→ **YOUR TASK**
Your answer should be the lines below from the one with "Nyaraló Penthouse Puerto Banus *" to the one with "65 Charter St APT 4F, Boston, MA 02113", both included, given again exactly and with nothing added.

→ **DATA EXTRACTS**
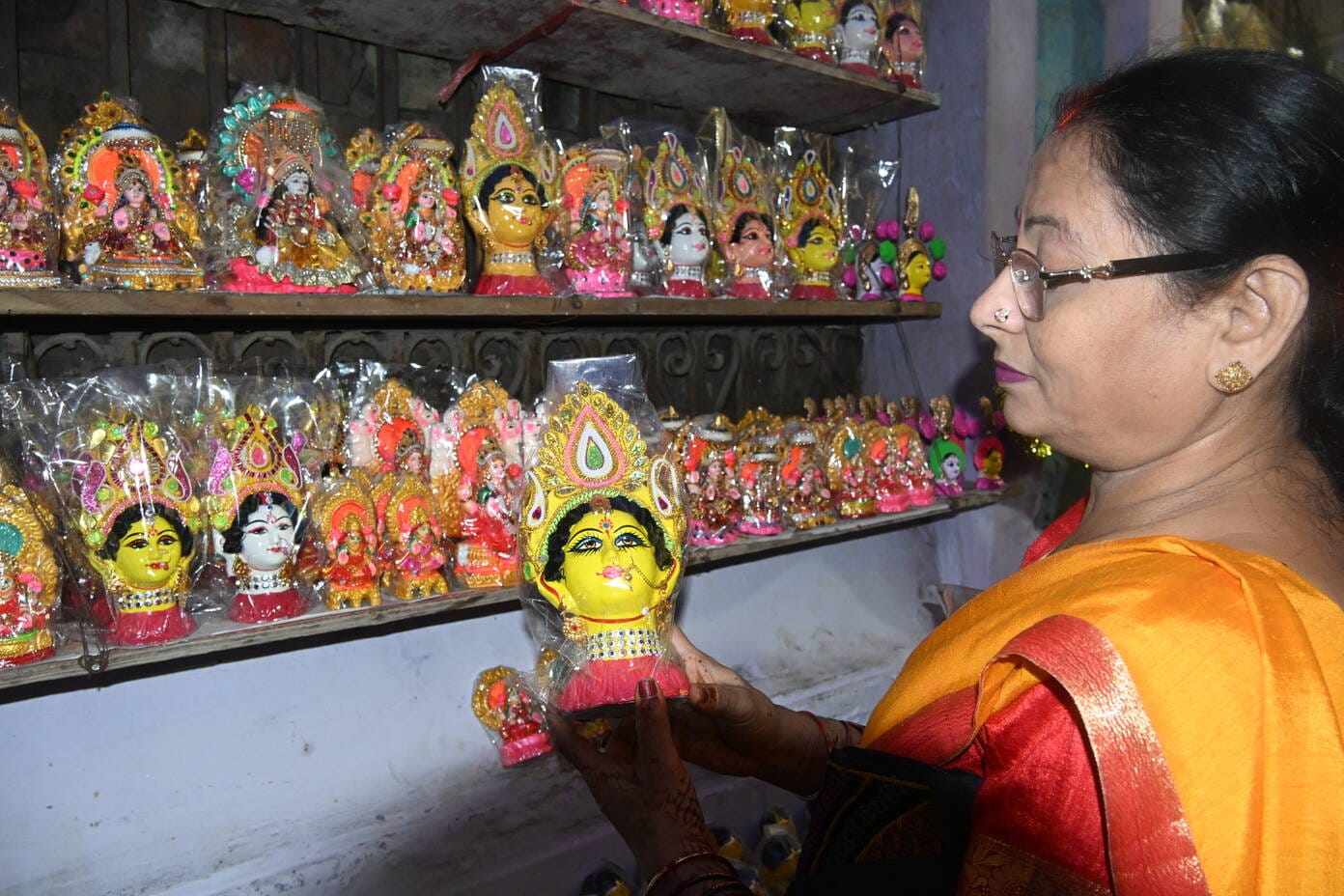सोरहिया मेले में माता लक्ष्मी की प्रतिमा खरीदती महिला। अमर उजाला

---

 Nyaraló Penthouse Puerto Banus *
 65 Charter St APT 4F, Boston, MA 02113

→ **RESULT**
 Nyaraló Penthouse Puerto Banus *
 65 Charter St APT 4F, Boston, MA 02113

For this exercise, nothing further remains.